Step 2: Categorize the questions as closed or open-ended questions. This step includes a discussion of the types of information open and closed questions will draw out and an exercise to change questions from one type to the other. For the purposes of this exercise, the questions will be marked with “c” for closed and “o” for open, but not re-worded.

c/o    Who is Santa Claus?

c        Where did he come from?

c        Does he really climb down a chimney?

o/c     What does Santa Claus do the rest of the year?

o        Why does Santa Claus only give toys to good little boys and

           girls?

c/o    What behavior is so bad that Santa Claus won’t give a child a

           toy?

Step 3: Prioritize the questions.

1. Who is Santa Claus?

2. Where did he come from?

3. Why does Santa Claus only give toys to good little boys and girls?

4. What behavior is so bad that Santa Claus won’t give a child a toy?

5. What does Santa Claus do the rest of the year?

6. Does he really climb down a chimney?

Step 4: What are you going to do with the questions? What are the next steps?

Write a research paper about Santa Claus.

Before I read this book I thought that questions usually denote confusion. However, I realize now that working the steps of the QFT transforms confused thinking into focused thinking. I hope you can see how useful this technique would be not only for students, but for adults as well. For instance, suppose you were concerned about an issue like immigration, the national debt, the mortgage foreclosure crisis, or the state of education. These are complicated issues, overwhelming issues. Develop your own QFocus and work through the QFT. Use the resulting questions to focus your research and clarify your opinion.
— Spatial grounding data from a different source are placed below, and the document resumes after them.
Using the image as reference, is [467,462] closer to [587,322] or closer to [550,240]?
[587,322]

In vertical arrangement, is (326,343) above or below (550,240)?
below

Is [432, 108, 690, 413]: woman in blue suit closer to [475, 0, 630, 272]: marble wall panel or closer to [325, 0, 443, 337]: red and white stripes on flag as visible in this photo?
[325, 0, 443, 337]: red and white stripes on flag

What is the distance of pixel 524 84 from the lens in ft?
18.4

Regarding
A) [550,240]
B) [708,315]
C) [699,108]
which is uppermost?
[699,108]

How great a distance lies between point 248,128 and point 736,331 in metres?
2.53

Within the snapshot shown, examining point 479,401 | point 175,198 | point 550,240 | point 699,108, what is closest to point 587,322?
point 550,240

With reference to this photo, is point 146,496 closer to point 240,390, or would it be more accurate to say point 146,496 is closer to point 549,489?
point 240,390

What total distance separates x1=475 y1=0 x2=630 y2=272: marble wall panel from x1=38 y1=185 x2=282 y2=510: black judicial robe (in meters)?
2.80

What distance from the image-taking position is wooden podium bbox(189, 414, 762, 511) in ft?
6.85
The last chapter of the book is titled “Questions and Education, Questions and Democracy” in which Rothstein and Santana make a strong case that the ability to ask good questions leads to better informed citizens who are more likely to participate in the democratic process. How much more vibrant and effective would our government be if the voters asked questions and informed themselves instead of relying on the media and candidates’ sound bytes for information? Our constitution gives us the right to ask questions; the Question Formulation Technique developes our ability to ask questions.

So what do you want to know about? Santa Claus, climate change, vegetarianism, a facet of economic theory? Determine your Question Focus. Work the Question Formulation Technique and write some questions. Have fun finding the answers.